Call and run php script from shell script

Solution 1:

The problem in your code is the line:

. "${CONFIG}${i}/test.php"  

Remove the .

Here is another example:

$ ls -l

-rwxrwxr-x 1 bg bg 67 Oct 20 09:42 index.php
-rwxrwxr-x 1 bg bg 68 Oct 20 09:43 test.sh

index.php

<?php
    shell_exec('echo Hello > /tmp/hello.txt');
?>

test.sh

#!/bin/bash
/usr/bin/php index.php

Solution 2:

The problem here is that you are quoting the entiore command you are trying to run as a single variable. As a result, you're not running php with foo.php as an argument but instead are attempting to execute a file called php foo.php. Here's a simpler example to show you what I mean:

$ var1="echo "
$ var2="foo"
$ set -x ## debugging info
$ "$var1$var2"
+ 'echo foo'      ### The shell tries to execute both vars as a single command
bash: echo foo: command not found

$ "$var1" "$var2"
+ 'echo ' foo     ### The shell tries to execute 'echo ' (echo with a space)
bash: echo foo: command not found  

So, the right way is to remove the space and quote each variable separately:

$ var1="echo"
$ var2="foo"
$ "$var1" "$var2"

If you do that though, you'll hit the next error. The . is the source command. That tries to read a shell script and execute it in the current session. You are giving it a php script instead. That won't work, you need to execute it, not source it.

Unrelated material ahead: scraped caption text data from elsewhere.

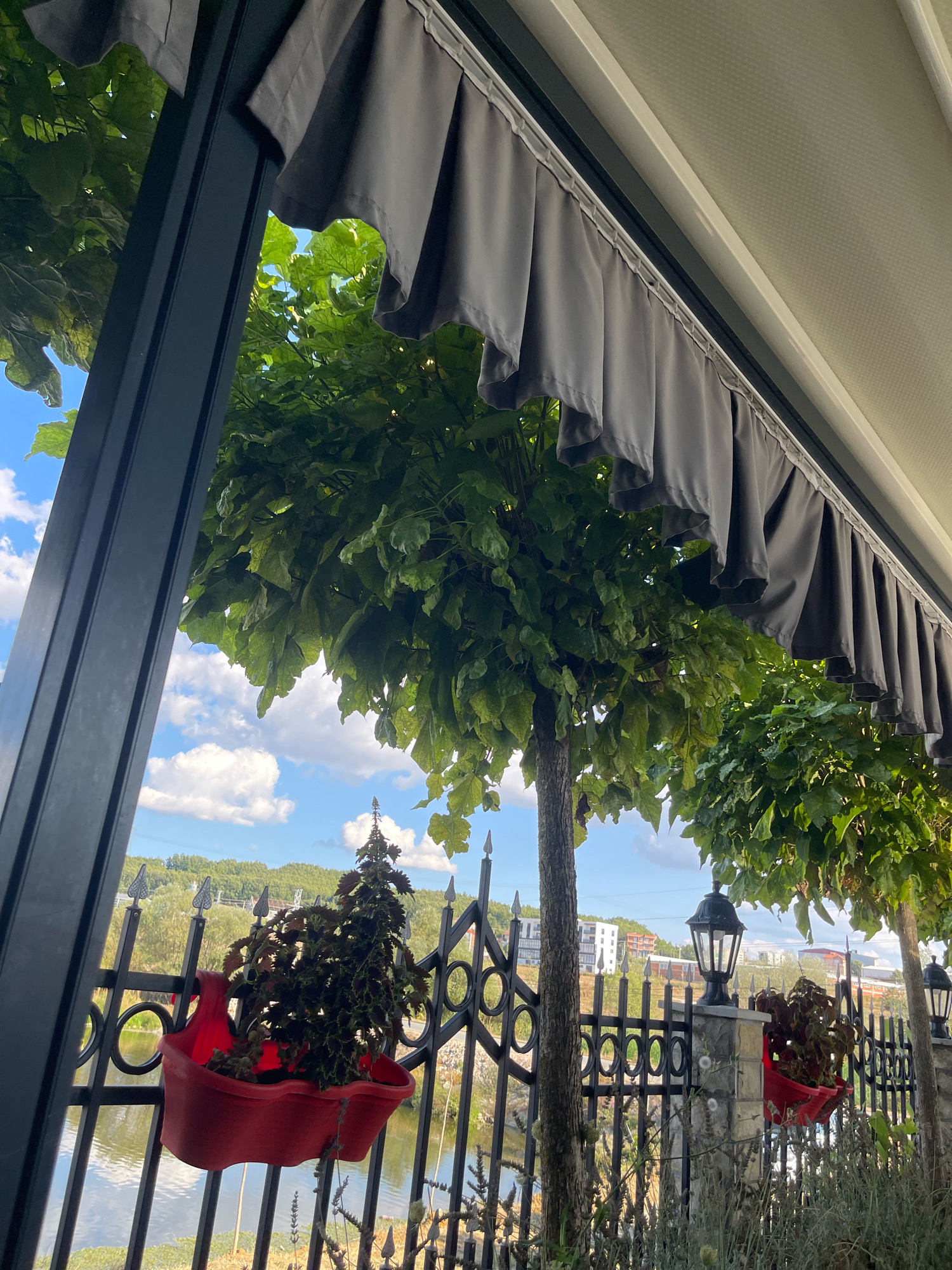 The image depicts an outdoor seating area with a view of a body of water and a treelined landscape. In the foreground, a grey awning is visible, partially obscuring the lush green leaves of trees. A black metal fence runs horizontally across the scene, adorned with decorative elements. Several red planters containing dark-leaved plants are attached to the fence. A black lamppost stands on a stone pillar, also decorated with a planter. In the background, buildings and trees are visible on a hill overlooking the water. The sky is blue with scattered white clouds. The scene appears to be in Mirushë, Kosovo, suggested by the presence of a lake, hills, and modern buildings characteristic of the area.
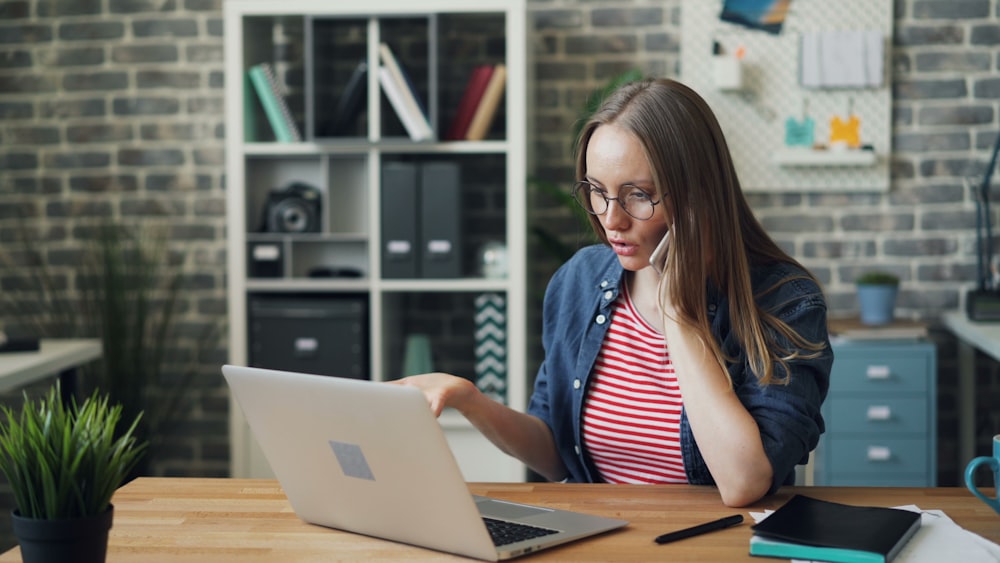 a woman sitting at a table using a laptop computer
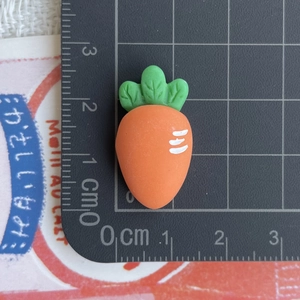 Detail view of mini resin carrot charm with green leaves on measuring scale grid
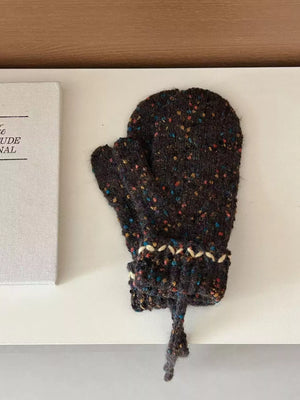 Dark brown knitted glove with speckled pattern on a white surface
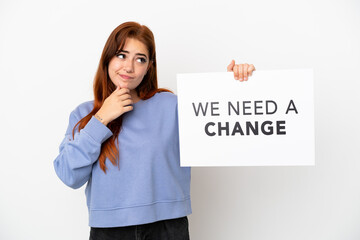 Young redhead woman isolated on white background holding a placard with text We Need a Change and thinking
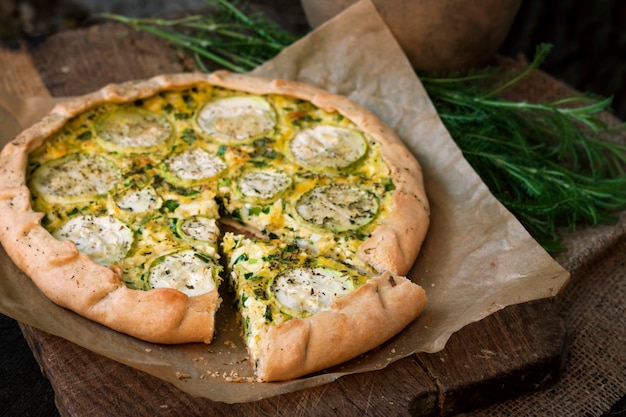 Premium Photo | Homemade courgette and goat cheese pie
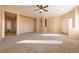 Bright living room with neutral carpet and ceiling fan at 2915 Rippling Springs St, Laughlin, NV 89029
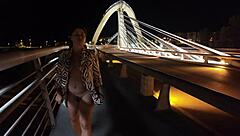 luscious milf struts braless pantyless on bridge flashing huge natural tits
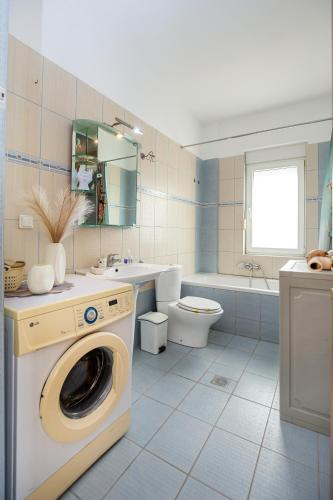 a bathroom with a washer and a toilet and a sink at Villa Aurum in Prinos
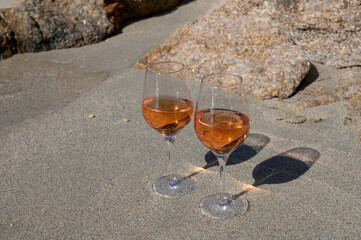 Summer time in Provence, two glasses of cold rose wine on sandy beach near Saint-Tropez, Var department, France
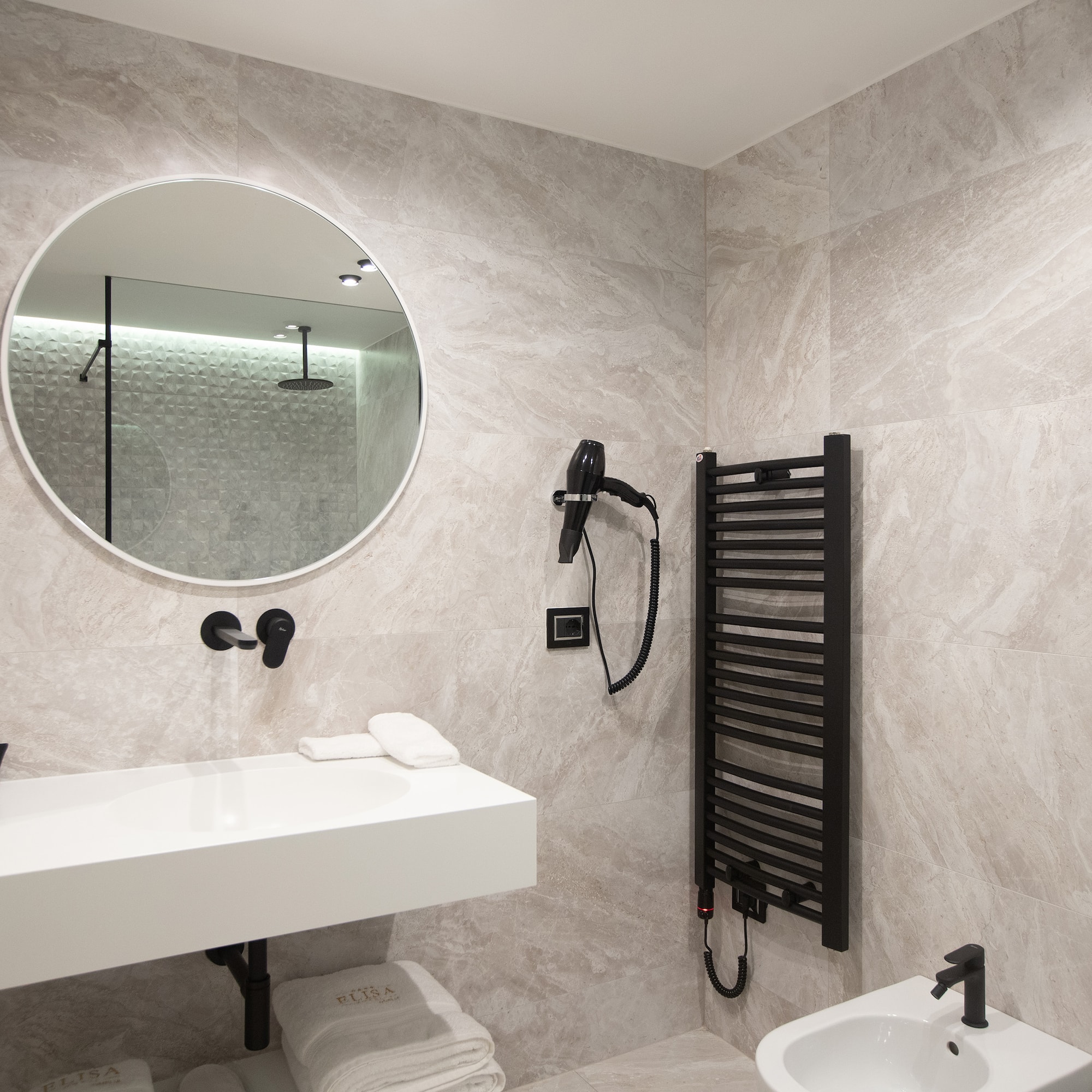 a bathroom with a round mirror and a sink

Finally, always avoid using CAPITAL variable names. The shell's reserved variables are capitalized so it's a good idea to always use lower case variable names for your scripts.

Putting all this together (with a few other minor improvements), what you want is something like:

#!/bin/sh

list="/path/to/my/site/dir"
config="/usr/bin/php"

for i in "$list"
do
    "$config" "$i"/test.php
done